• **Source material**
******
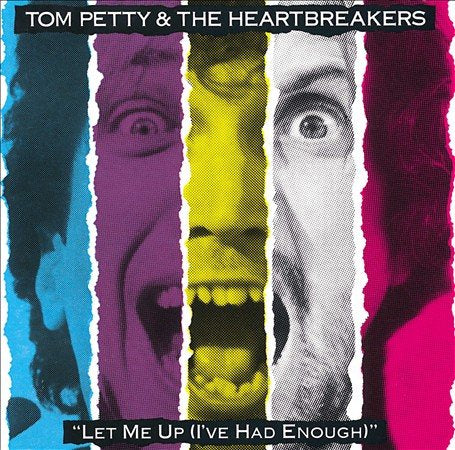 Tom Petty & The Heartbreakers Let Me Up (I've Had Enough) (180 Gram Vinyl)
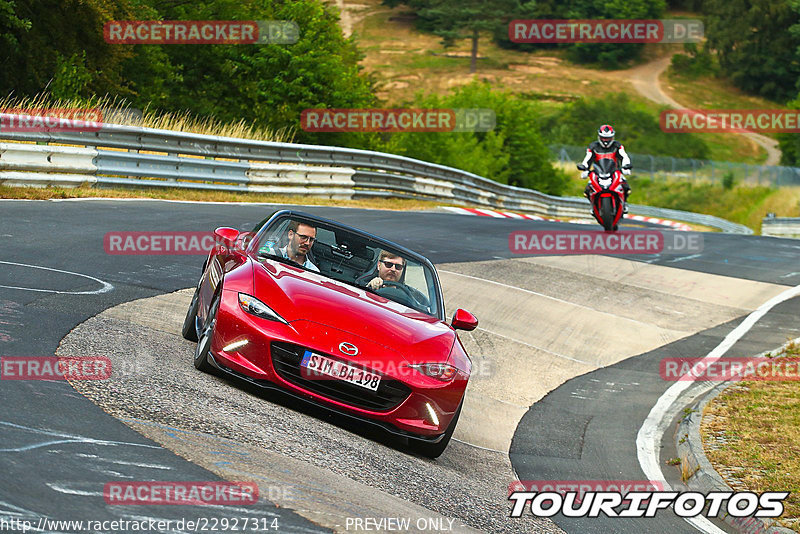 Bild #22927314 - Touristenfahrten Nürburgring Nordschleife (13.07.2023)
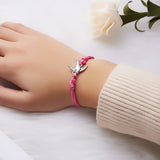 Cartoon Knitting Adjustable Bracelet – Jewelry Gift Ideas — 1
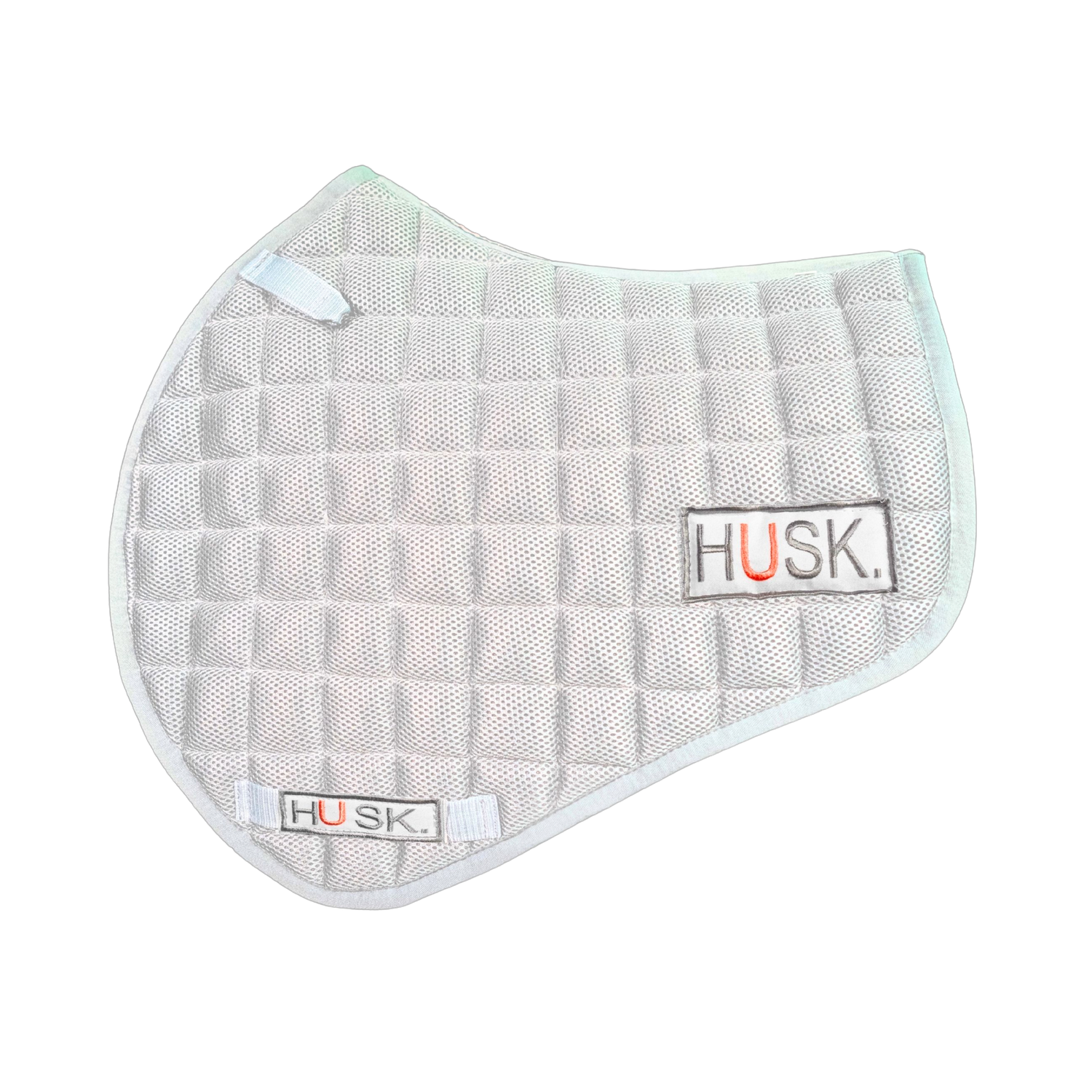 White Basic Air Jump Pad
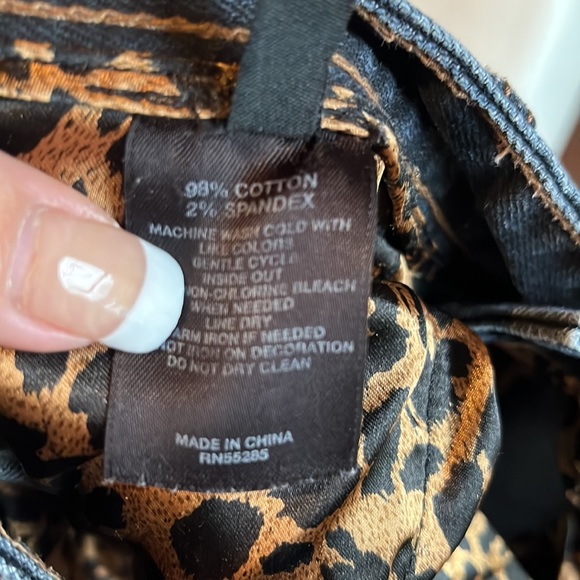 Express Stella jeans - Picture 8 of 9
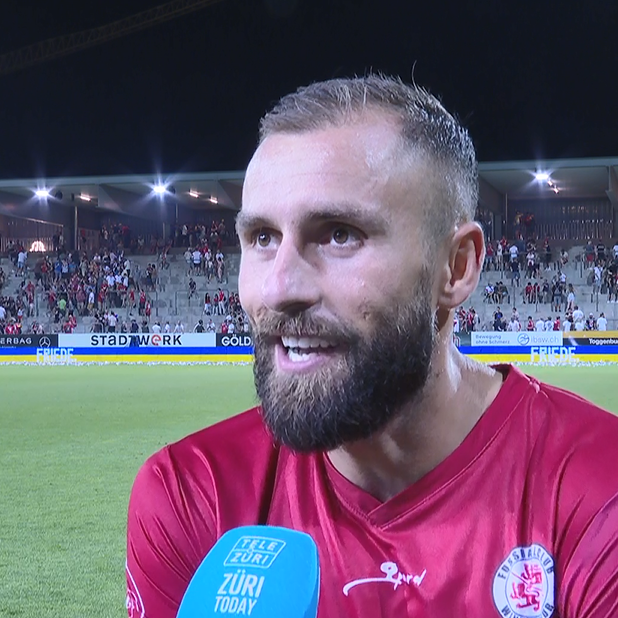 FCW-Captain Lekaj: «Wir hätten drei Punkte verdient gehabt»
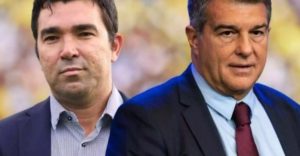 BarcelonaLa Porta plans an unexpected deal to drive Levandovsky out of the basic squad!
******
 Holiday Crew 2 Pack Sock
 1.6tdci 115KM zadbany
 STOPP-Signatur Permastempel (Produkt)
******
• **What to work on**
Above are the records. Copy the lines beginning at the one that has "1.6tdci 115KM zadbany" and ending with the one that has "STOPP-Signatur Permastempel (Produkt)", unchanged.

• **Reply**
 1.6tdci 115KM zadbany
 STOPP-Signatur Permastempel (Produkt)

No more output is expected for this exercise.